To find the concentration of the HCl solution, we can use the concept of molarity (M), which is defined as the number of moles of solute per liter of solution.
First, let's find the number of moles of NaOH used:
\[ \text{Moles of NaOH} = \text{Molarity} \times \text{Volume (in liters)} \]
Given that the volume of NaOH used is \( 54 \, \text{mL} \) and the molarity of NaOH is \( 0.1 \, \text{M} \):
\[ \text{Volume (in liters)} = \frac{54 \, \text{mL}}{1000 \, \text{mL/L}} = 0.054 \, \text{L} \]
\[ \text{Moles of NaOH} = 0.1 \, \text{M} \times 0.054 \, \text{L} = 0.0054 \, \text{moles} \]

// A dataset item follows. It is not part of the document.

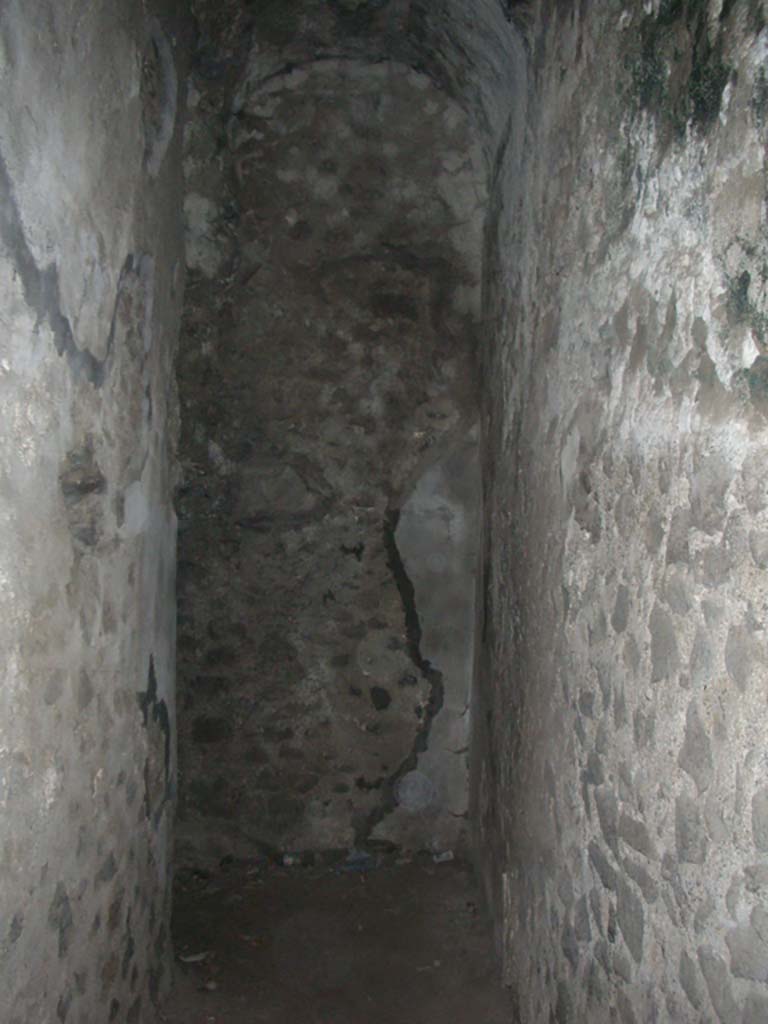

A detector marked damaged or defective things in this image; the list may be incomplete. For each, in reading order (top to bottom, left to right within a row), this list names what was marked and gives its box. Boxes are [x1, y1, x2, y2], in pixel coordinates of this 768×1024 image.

Since HCl and NaOH react in a 1:1 ratio, the moles of HCl present in the solution are also \( 0.0054 \, \text{moles} \).
Now, let's find the concentration of HCl:
\[ \text{Molarity of HCl} = \frac{\text{Moles of HCl}}{\text{Volume (in liters)}} \]
Given that the volume of the HCl solution is \( 125 \, \text{mL} \):
\[ \text{Volume (in liters)} = \frac{125 \, \text{mL}}{1000 \, \text{mL/L}} = 0.125 \, \text{L} \]
\[ \text{Molarity of HCl} = \frac{0.0054 \, \text{moles}}{0.125 \, \text{L}} \]
\[ \text{Molarity of HCl} = \frac{0.0054}{0.125} \, \text{M} \]
\[ \text{Molarity of HCl} = 0.0432 \, \text{M} \]
So, the concentration of the HCl solution is \( 0.0432 \, \text{M} \).